- [Your goal]: Take the data below and copy exactly the lines starting at the one with "Citroen C3 1.2" and finishing at the one with "Sevgi İzi Dövmeleri Yapıldı", both included.

- [Provided entries]:
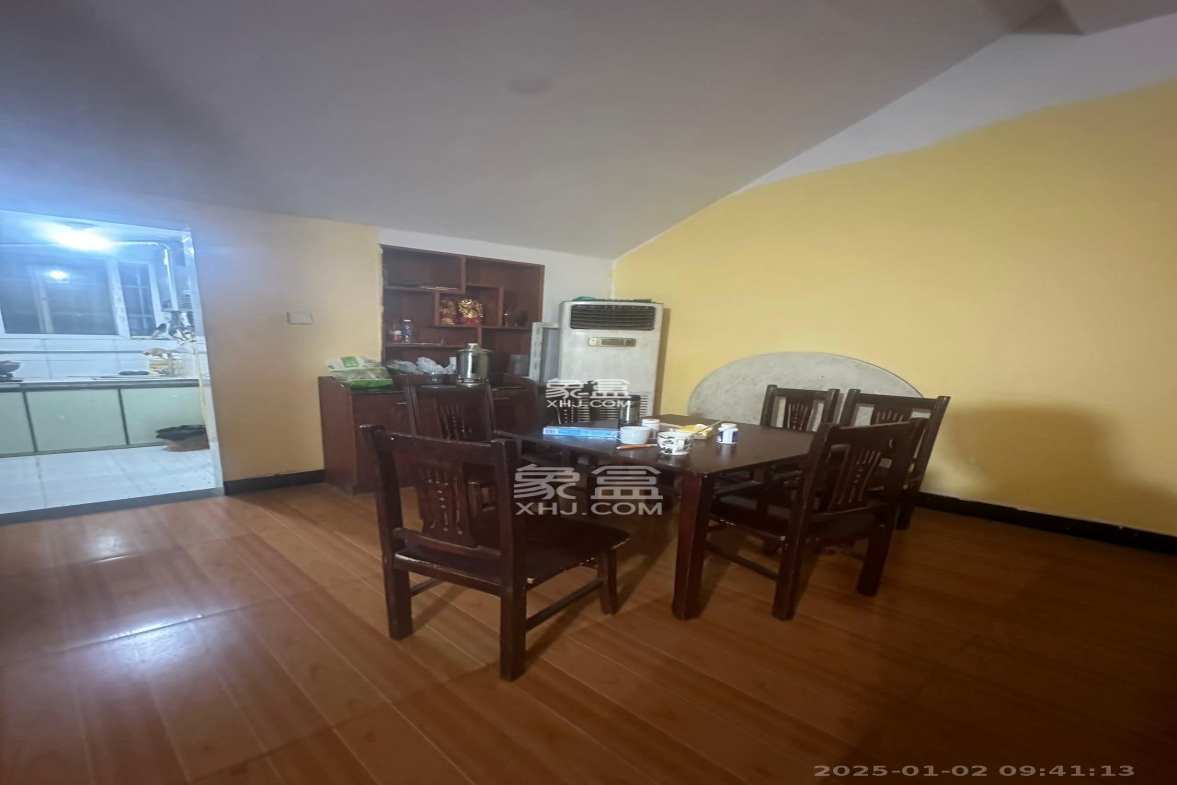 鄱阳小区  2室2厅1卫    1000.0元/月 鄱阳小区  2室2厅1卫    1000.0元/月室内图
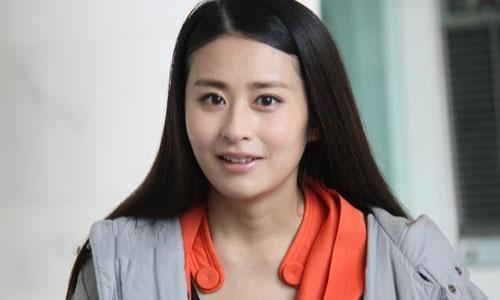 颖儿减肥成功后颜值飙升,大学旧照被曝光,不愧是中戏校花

---

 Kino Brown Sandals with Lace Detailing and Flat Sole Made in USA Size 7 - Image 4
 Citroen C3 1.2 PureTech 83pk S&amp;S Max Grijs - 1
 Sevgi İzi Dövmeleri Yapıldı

- [Problem solution]:
 Citroen C3 1.2 PureTech 83pk S&amp;S Max Grijs - 1
 Sevgi İzi Dövmeleri Yapıldı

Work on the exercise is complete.